The Hitlist is a 2012 Indian action thriller film written, directed and produced by Bala (in his directorial debut). It was simultaneously shot in Malayalam and Kannada languages. The film stars Bala, Dhruv Sharma (in his Malayalam debut), and Aishwarya Devan, while Samudrakani, Thalaivasal Vijay, Riyaz Khan, Tini Tom, and Sasi Kalinga plays supporting roles. The film's music was composed by Alphons Joseph. The plot follows ACP Vikram Rathod, who is assigned to catch a serial killer who has been murdering police officers.

The film completed production in late-June 2012. The Hitlist was released in theatres on 7 December 2012.

==Cast==

- Bala as ACP Vikram Rathore IPS
- Dhruv Sharma as Dhruv
- Aishwarya Devan as Avanthika
- Riyaz Khan as CI Simon
- Krishna as Anand
- Thalaivasal Vijay as IG Robert IPS
- Sreejith Ravi as Peter
- Sasi Kalinga as Madhavan
- Tini Tom as Stephen
- Riza Bava as DGP
- Suresh Krishna as Commissioner
- Kiran Raj as SP
- Samudrakani as DSP Anapazhakan
- Sandhya as Gouri
- Sukanya as Herself
- Unni Mukundan as SI Ajai Kumar (Cameo appearance)
- Narain as Dr.

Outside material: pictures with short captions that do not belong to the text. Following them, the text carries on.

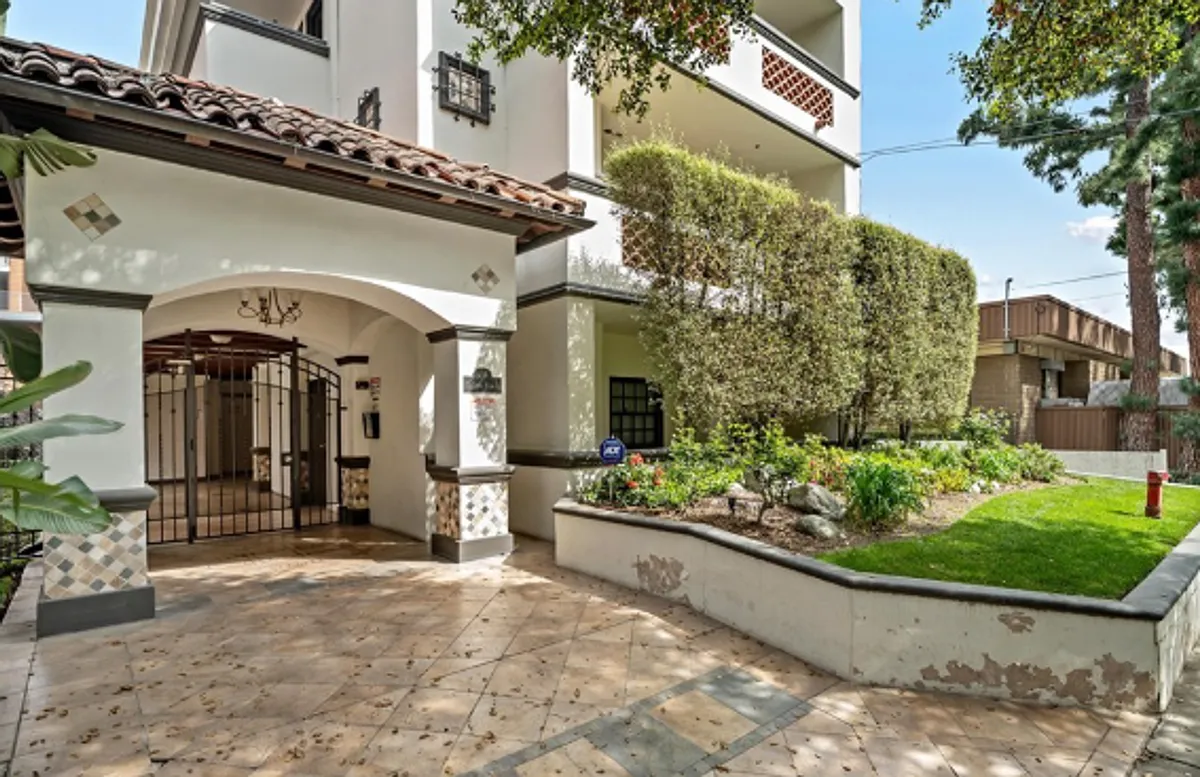 Building Photo - 156 S Oak Knoll Ave #301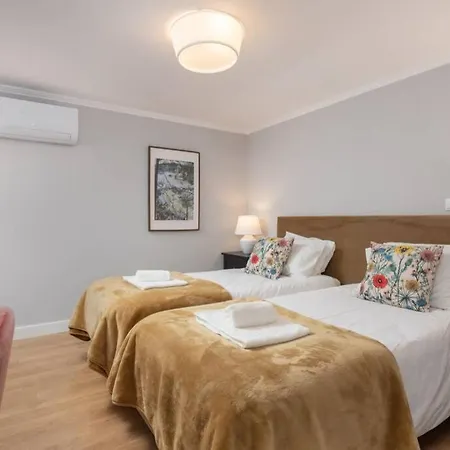 Fanqueiros 96 - Balcony Over *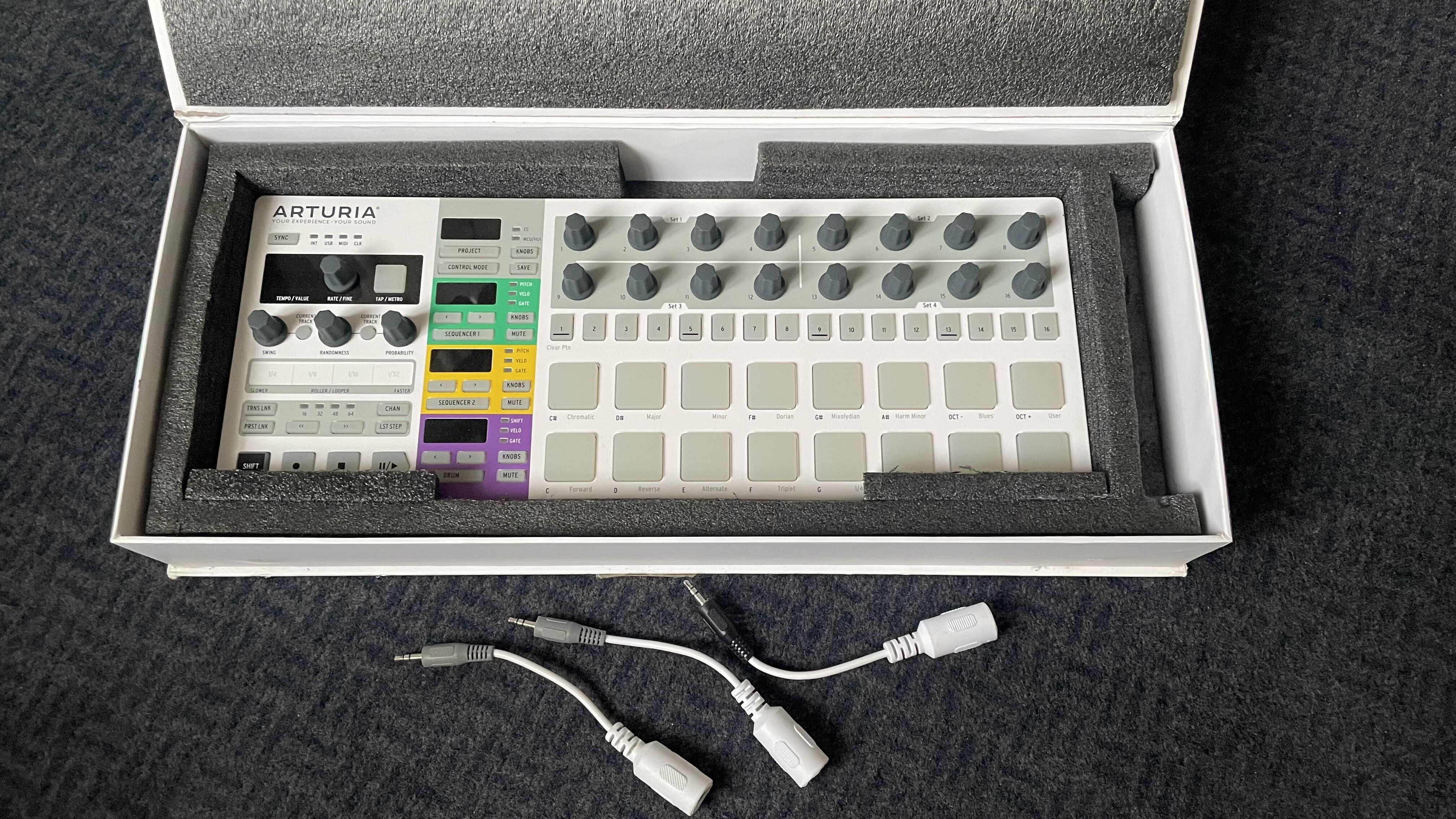 Arturia BeatStep Pro (17352)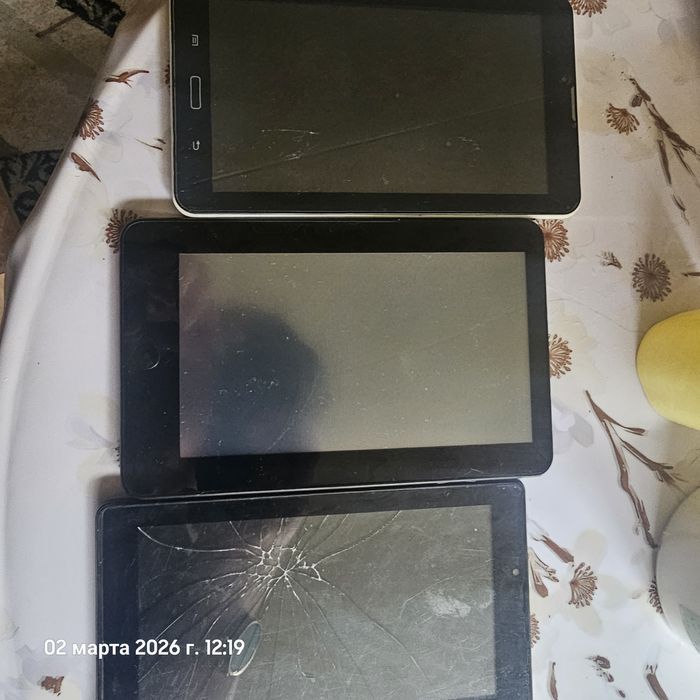 Планшеты на запчасти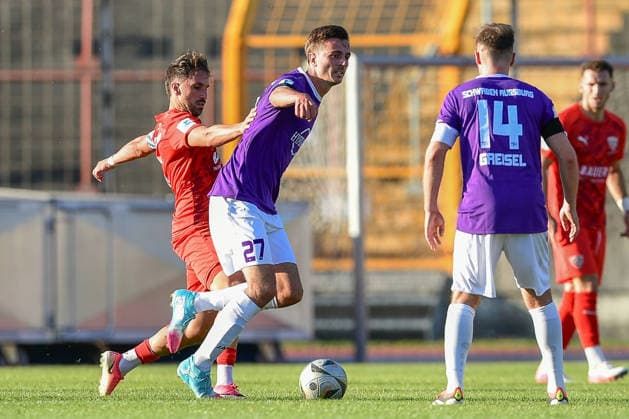 Regionalliga Bayern: TSV Schwaben Augsburg vs TSV Buchbach, Augsburg, 24.07.2026 Michael Schäfer (TSV Schwaben Augsburg, 27) am Ball gegen Samed Bahar (TSV Buchbach, 8) , Augsburg, 24.07.2026 - 1. Spieltag der Regionalliga Bayern, TSV Schwaben Augsburg gegen TSV Buchbach, Augsburg, Rosenaustadion *** Bavarian Regional League: TSV Schwaben Augsburg vs. TSV Buchbach, Augsburg, July 24, 2026 Michael Schäfer of TSV Schwaben Augsburg, No. 27, in action against Samed Bahar of TSV Buchbach, No. 8, Augsburg, July 24, 2026 Matchday 1 of the Bavarian Regional League, TSV Schwaben Augsburg vs. TSV Buchbach, Augsburg, Rosenaustadion Copyright: xBEAUTIFULxSPORTS Märklx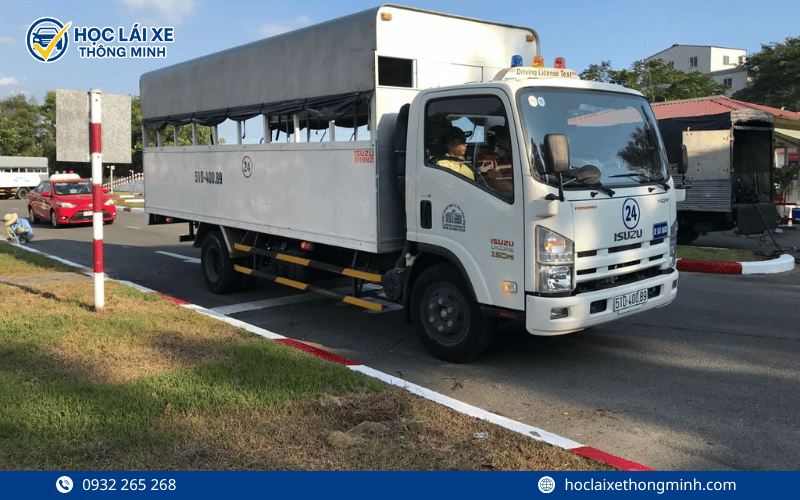 Giới thiệu khóa học lái xe ô tô hạng C tại TP.HCM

Lewis (Cameo appearance)

==Production==
The Hitlist marks the directorial debut of actor Bala. Screenplay was also written by him. He also played the lead role, while Kannada actor Dhruv Sharma and Aishwarya Devan portrayed other two principal characters. Filming began in Kochi. Initially, Prithviraj Sukumaran and Unni Mukundan were supposed to make cameo appearances. In the film, Mukundan and Narain appeared in cameo roles. Bala also produced the film. The film was simultaneously shot in Malayalam and Kannada languages. Mohanlal and Sudeepa did voice-over in Malayalam and Kannada versions, respectively.

==Soundtrack==
The soundtrack features three songs composed by Alphons Joseph . The lyrics were written by Santhosh Varma & Jophy Tharakan.

- Track listing

| No. | Title | Lyrics | Singer(s) | Length |
|---|---|---|---|---|
| 1. | "Kadhakalumezhuthi" | Santhosh Varma | Alphons Joseph, San Jaimt | 2:53 |
| 2. | "Kannake" | Santhosh Varma, Jophy Tharakan | Alphons Joseph, Amrutha Suresh | 4:52 |
| 3. | "Manathe Vellikinnathil" | Jophy tharakan | Sayanora Philip | 4:48 |
| 4. | "Akalaminnarikilalle" | Santhosh Varma | Amritha Suresh | 4:31 |
| Total length: |  |  |  | 15:84 |

==Release ==
The Malayalam version The Hitlist was released in theatres on 7 December 2012. The Kannada version remains unreleased.